Raw PII must never cross a federation boundary. The EU AI Act (Articles 10, 12, 15), GDPR Article 25 (data protection by design and by default), and the data minimisation principle all require that entity resolution operates on the minimum data necessary.

Derived features solve this by applying one-way transforms to PII fields before wire exchange. A name becomes a Soundex code, a date of birth becomes a year, a phone number becomes a SHA-256 hash. The scoring engine then operates on these derived values using appropriate metrics. The result: federation-grade entity resolution without any federate seeing another's raw PII.

Three guarantees:

  1. No raw PII in derived vectors — every field is transformed before leaving the node.
  2. One-way transforms — derived values cannot be reversed to recover the original.
  3. Reduced precision — derived values deliberately discard detail (postcode area, birth year) to limit re-identification risk.

Architecture

Derived features sit between normalization and wire exchange in the pipeline:

Raw Records
    │
    ▼
Normalization (casefolding, alias expansion, whitespace)
    │
    ▼
┌─────────────────────────────────────┐
│  DERIVED FEATURE EXTRACTION         │  ← component.parallax.derived-features: this boundary
│  derive_features()                  │
│  - Applies one-way transform per    │
│    field based on derivation type   │
│  - Drops fields not in match func   │
│  - SHA-256 fallback for unknowns    │
└─────────────────────────────────────┘
    │
    ▼
Derived Feature Vectors (safe for wire exchange)
    │
    ▼
Blocking (already one-way: soundex, year keys)
    │
    ▼
Scoring (derived metrics: exact on hashes, levenshtein on prefixes)
    │
    ▼
Clustering → Results

In the three-phase federation protocol:

  • Phase 1 (counts only): No PII exchanged at all.
  • Phase 2 (targeted vectors): Derived features are exchanged, never raw values.
  • Phase 3 (consensus scoring): Scoring uses score_pair_derived() on derived vectors.

Derivation Type Registry

The DERIVATION_TYPE_REGISTRY maps each derivation type to a transform function, the metric to use on derived values, and the CDG XSD validation pattern for the output.

Type Function Produces CDG Pattern Derived Metric One-Way Property
soundex _derive_soundex(value: str) -> str Phonetic code, e.g. "Smith" -> "S530" [A-Z][0-9]{3} exact Many names map to same code (Smith, Smyth, Snead all -> S530).
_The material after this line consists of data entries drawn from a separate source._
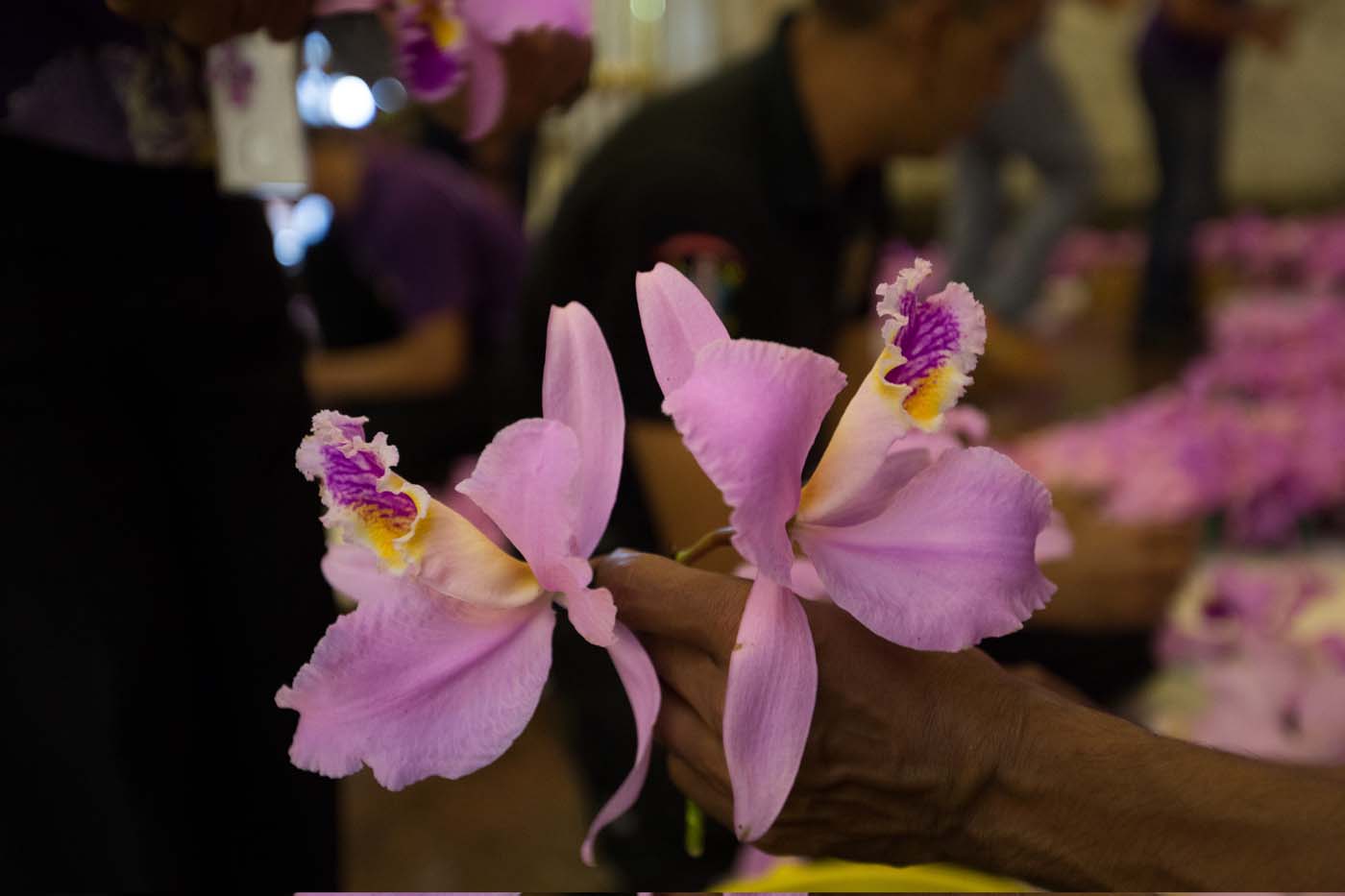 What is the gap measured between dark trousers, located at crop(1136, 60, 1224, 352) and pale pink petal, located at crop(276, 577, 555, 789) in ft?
10.7

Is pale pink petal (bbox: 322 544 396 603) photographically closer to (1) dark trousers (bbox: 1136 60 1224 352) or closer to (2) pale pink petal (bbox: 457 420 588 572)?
(2) pale pink petal (bbox: 457 420 588 572)

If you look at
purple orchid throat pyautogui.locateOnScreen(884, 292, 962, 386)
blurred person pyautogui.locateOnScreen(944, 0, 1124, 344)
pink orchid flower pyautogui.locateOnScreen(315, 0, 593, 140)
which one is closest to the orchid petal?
purple orchid throat pyautogui.locateOnScreen(884, 292, 962, 386)

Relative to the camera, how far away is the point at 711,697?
37 cm

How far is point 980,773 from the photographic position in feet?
1.24

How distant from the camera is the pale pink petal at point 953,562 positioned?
1.16ft

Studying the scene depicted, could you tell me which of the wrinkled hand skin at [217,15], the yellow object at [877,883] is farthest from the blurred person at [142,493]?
the yellow object at [877,883]

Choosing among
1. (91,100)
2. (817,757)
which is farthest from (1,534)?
(817,757)

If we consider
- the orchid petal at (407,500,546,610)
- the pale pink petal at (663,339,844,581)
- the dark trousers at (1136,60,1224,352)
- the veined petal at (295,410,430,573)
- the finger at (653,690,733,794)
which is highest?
the pale pink petal at (663,339,844,581)

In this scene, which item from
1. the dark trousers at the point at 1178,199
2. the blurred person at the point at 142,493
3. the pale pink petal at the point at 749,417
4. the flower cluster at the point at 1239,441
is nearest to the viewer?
the pale pink petal at the point at 749,417

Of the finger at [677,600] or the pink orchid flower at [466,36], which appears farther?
the pink orchid flower at [466,36]

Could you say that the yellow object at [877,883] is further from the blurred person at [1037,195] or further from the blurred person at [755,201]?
the blurred person at [1037,195]

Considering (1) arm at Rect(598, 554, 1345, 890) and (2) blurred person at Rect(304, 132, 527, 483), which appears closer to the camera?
(1) arm at Rect(598, 554, 1345, 890)

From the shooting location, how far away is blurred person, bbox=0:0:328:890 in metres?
0.64

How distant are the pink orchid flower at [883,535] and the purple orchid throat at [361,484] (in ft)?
0.28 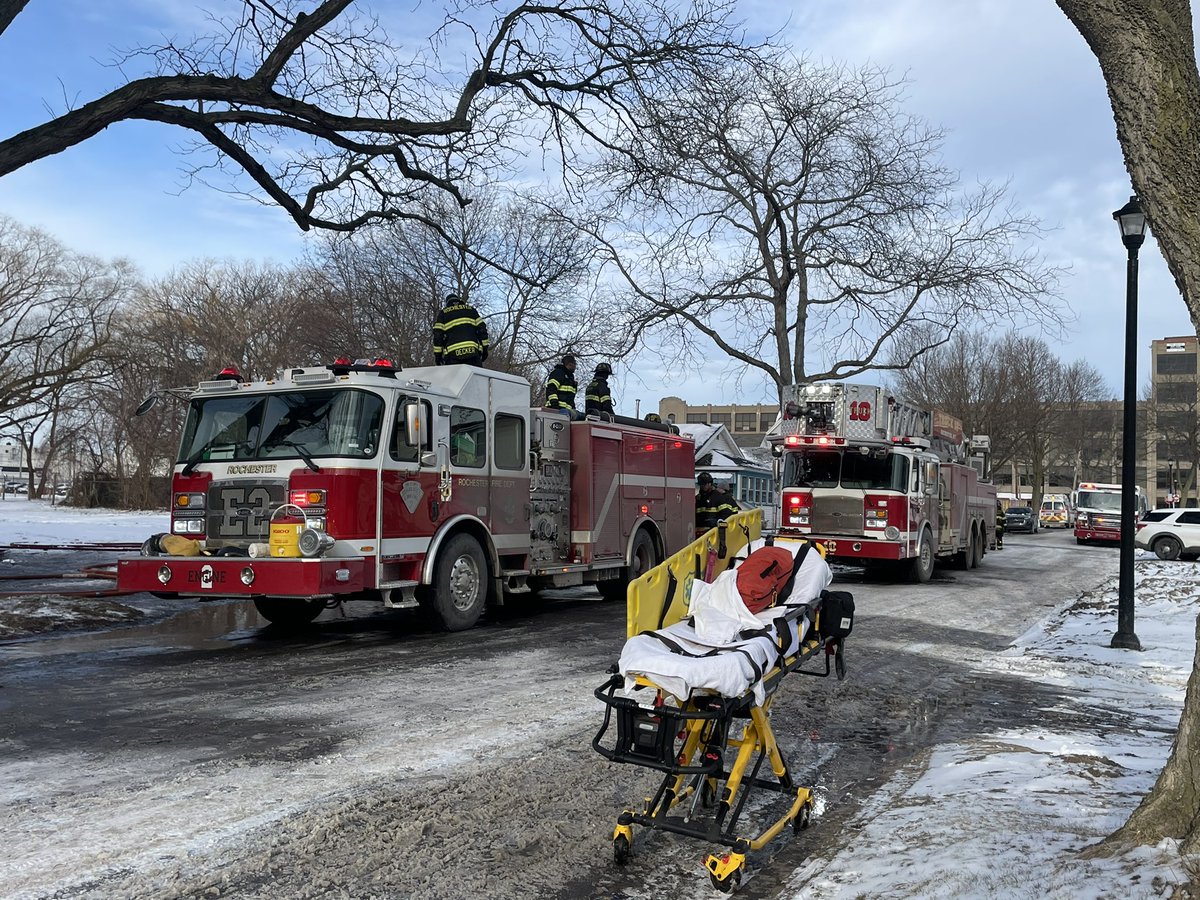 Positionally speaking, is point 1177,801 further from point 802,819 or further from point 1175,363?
point 1175,363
Cannot recover original.
year _derive_year(value: str) -> str 4-digit year, e.g. "1985-03-15" -> "1985" [0-9]{4} exact Month and day discarded. 365 dates map to one year value.
postcode_area _derive_postcode_area(value: str) -> str UK outcode prefix, e.g. "SW1A 1AA" -> "SW1A" [A-Z]{1,2}[0-9][0-9A-Z]? levenshtein Incode (house-level precision) discarded. Thousands of addresses share one outcode.
sha256 _derive_sha256(value: str) -> str Cryptographic hash, e.g. "07700900123" -> "a1b2c3..." (64 hex chars) [0-9a-f]{64} exact Computationally infeasible to reverse. Input is lowercased and stripped before hashing.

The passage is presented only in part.